Waiting to be held the way I hold others.

 

And that waiting has shaped so many of my relationships. Whenever I meet someone new, I arrive with an overflowing cup of love. I give them everything I’ve been withholding from myself. All my attention. All my effort. All my devotion. It feels beautiful at first. But it’s unsustainable.

 

Psychology calls this “external validation seeking” and “anxious attachment.” It happens when you learn, early on, that love feels uncertain, inconsistent, or conditional. So you grow up trying to secure love by being extra: extra caring, extra loyal, extra available, extra forgiving. You don’t believe love will stay unless you earn it. So you overextend…you overcommit…you overgive. And slowly, you abandon yourself.

 

That’s what I’ve been doing. I’ve been pouring from an empty cup and calling it love. I’ve been loving others without ever learning how to love myself first. And then I wonder why heartbreak destroys me.

 

It’s because when someone leaves, they don’t just take a relationship with them. They take everything I invested in them. Everything I neglected in myself. I’m left with nothing because I gave everything away. 

 

That flower was a metaphor I didn’t know I needed. I’ve always said I want to be given flowers. I’ve always imagined someone choosing me enough to bring me something beautiful. I’ve always waited for proof that I mattered. But that day, I realized: I am here. I exist. I matter. I can give myself what I’ve been waiting for.

 

So I did. And it wasn’t just about a flower. It was about choosing myself in a small, practical way. It was about saying:

 

I deserve softness.

I deserve effort.

I deserve tenderness.

I deserve my own love.

 

Another realization followed soon after:

I need to stop waiting to be loved.

 

Waiting keeps me stuck. Waiting keeps me passive. Waiting makes my life feel like it hasn’t started yet. Self-love doesn’t mean I don’t want partnership or connection. It means I refuse to put my worth on hold until someone arrives….Because what is love if I’m not giving it to myself?

 

What is romance if I’m neglecting my own heart?

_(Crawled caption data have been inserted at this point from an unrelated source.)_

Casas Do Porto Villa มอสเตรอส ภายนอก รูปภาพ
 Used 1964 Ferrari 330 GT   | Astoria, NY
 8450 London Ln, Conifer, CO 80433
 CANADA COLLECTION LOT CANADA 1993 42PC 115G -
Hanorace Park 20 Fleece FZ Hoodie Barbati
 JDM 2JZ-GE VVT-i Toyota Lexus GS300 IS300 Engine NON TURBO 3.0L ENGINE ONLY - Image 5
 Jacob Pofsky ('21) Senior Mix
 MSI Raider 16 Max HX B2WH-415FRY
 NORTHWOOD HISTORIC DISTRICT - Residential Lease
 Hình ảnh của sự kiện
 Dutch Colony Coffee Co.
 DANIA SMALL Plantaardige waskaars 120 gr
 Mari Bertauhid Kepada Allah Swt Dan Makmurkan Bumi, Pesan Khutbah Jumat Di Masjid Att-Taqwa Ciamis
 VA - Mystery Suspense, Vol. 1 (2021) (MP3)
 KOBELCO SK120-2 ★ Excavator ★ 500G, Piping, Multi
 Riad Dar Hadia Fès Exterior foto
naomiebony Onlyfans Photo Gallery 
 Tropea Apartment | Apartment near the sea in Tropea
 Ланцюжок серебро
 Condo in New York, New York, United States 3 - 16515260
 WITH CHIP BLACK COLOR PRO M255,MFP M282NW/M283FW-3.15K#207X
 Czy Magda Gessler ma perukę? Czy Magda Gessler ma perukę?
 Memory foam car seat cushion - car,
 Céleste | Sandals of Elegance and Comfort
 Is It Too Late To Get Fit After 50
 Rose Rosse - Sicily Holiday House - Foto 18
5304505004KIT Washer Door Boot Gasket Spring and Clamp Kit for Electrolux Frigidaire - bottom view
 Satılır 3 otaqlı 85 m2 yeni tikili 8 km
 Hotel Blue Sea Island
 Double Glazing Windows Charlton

What is devotion if I have none toward me?

 

True self-love isn’t just affirmations on mirrors or pretty quotes. It’s practice It’s speaking to myself with kindness. It’s resting when I’m tired. It’s setting boundaries. It’s not abandoning myself for attention. It’s choosing myself even when no one is watching.

 

Right now, I’m my worst critic. My loudest hater. My strictest judge. And that will take time to unlearn.

 

But I’m starting. Loving myself is also a form of self-preservation. It’s how I stop losing myself in other people. It’s how I stop over-devoting. It’s how I stop loving to the point of self-erasure. I am learning that I can love deeply and still keep something for myself.

 

I don’t have to give everything to prove I’m worthy.

I can give from abundance, not desperation.

I can show up without disappearing.

 

And even if no one ever comes along and loves me the way I deserve, I will still love myself that way.

 

I will still choose myself. I will still give myself flowers. I will still speak gently to my heart. I will still protect my peace. Because I deserve that.